• Task to complete: A verbatim reproduction of the lines below, from the line containing "Apartamento para alugar" through the line containing "Pepega Meme", both ends included, is the whole required output.

• Given records:
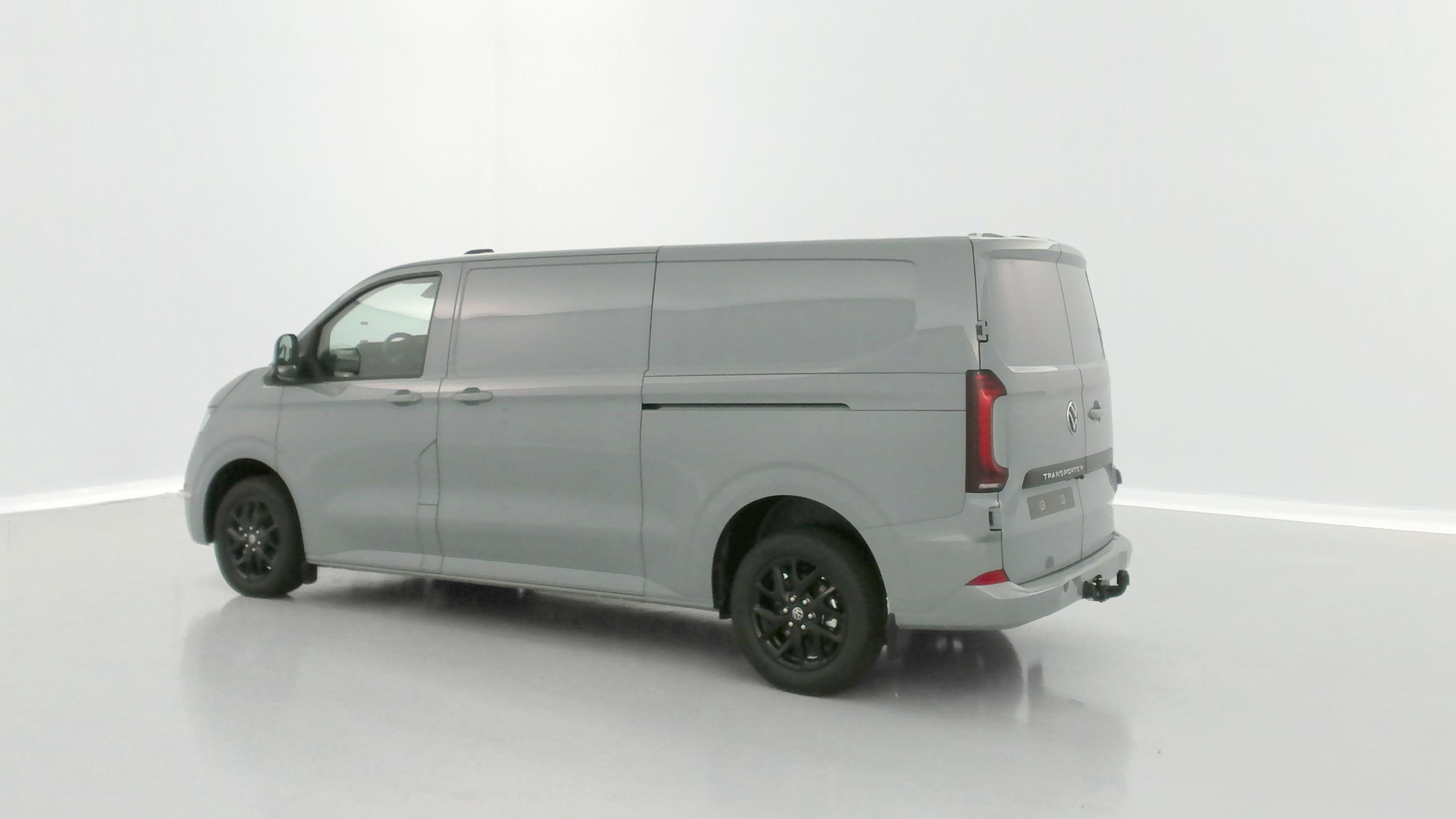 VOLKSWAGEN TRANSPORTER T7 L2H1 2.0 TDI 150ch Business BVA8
...
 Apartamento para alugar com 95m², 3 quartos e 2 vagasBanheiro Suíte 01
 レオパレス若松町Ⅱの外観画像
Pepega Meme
---
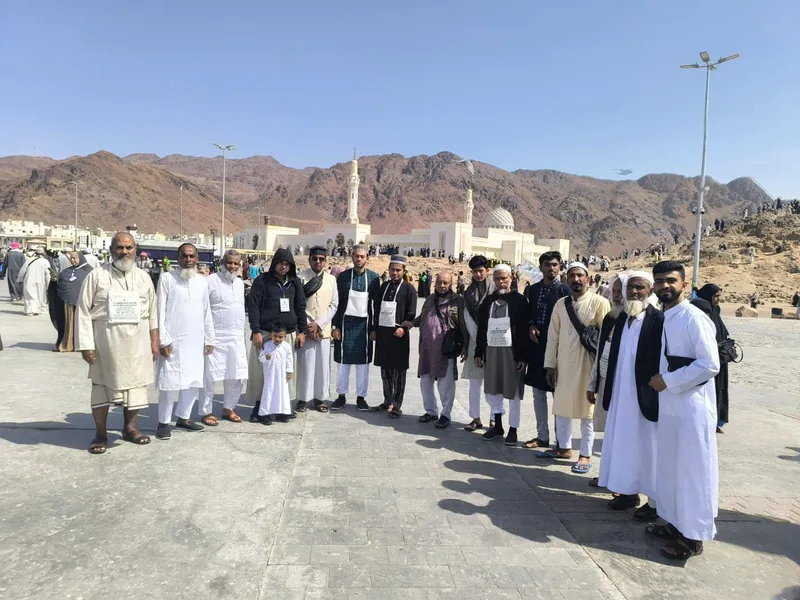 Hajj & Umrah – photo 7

• Exercise response:
 Apartamento para alugar com 95m², 3 quartos e 2 vagasBanheiro Suíte 01
 レオパレス若松町Ⅱの外観画像
Pepega Meme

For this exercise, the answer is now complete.